[Source data]
+===+

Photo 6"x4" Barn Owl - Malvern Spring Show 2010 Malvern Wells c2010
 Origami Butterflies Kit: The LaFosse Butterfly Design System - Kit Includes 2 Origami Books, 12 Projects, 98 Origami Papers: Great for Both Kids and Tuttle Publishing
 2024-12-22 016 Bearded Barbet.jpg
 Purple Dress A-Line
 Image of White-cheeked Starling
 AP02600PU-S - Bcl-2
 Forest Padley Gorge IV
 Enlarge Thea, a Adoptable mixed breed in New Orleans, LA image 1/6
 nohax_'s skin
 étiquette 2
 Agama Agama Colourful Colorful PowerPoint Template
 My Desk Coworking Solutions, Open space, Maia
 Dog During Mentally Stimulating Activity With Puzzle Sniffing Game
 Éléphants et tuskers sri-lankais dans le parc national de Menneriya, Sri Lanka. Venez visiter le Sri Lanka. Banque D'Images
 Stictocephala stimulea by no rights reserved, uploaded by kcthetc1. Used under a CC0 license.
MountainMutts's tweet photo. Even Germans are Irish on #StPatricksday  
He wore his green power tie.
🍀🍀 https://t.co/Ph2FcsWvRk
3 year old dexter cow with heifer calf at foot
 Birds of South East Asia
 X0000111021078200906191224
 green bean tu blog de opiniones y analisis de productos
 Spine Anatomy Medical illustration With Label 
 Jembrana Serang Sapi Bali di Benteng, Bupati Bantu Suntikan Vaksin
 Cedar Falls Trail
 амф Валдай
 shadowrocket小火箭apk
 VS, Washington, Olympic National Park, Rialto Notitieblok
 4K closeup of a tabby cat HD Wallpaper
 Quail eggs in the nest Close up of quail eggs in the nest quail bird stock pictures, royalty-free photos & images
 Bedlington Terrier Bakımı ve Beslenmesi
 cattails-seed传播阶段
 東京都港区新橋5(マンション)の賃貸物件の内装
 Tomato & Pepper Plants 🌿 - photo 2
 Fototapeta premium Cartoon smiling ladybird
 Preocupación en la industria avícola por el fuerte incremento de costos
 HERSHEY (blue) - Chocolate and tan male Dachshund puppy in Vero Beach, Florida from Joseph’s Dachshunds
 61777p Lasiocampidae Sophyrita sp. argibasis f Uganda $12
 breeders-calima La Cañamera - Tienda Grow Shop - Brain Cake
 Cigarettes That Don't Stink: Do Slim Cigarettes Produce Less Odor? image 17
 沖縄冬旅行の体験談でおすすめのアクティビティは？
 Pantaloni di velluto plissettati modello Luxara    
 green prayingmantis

+===+

ACTION ITEM —
Show me every line of the entries above that holds "green".

OUTPUT OF THE TASK —
He wore his green power tie.
 green bean tu blog de opiniones y analisis de productos
 green prayingmantis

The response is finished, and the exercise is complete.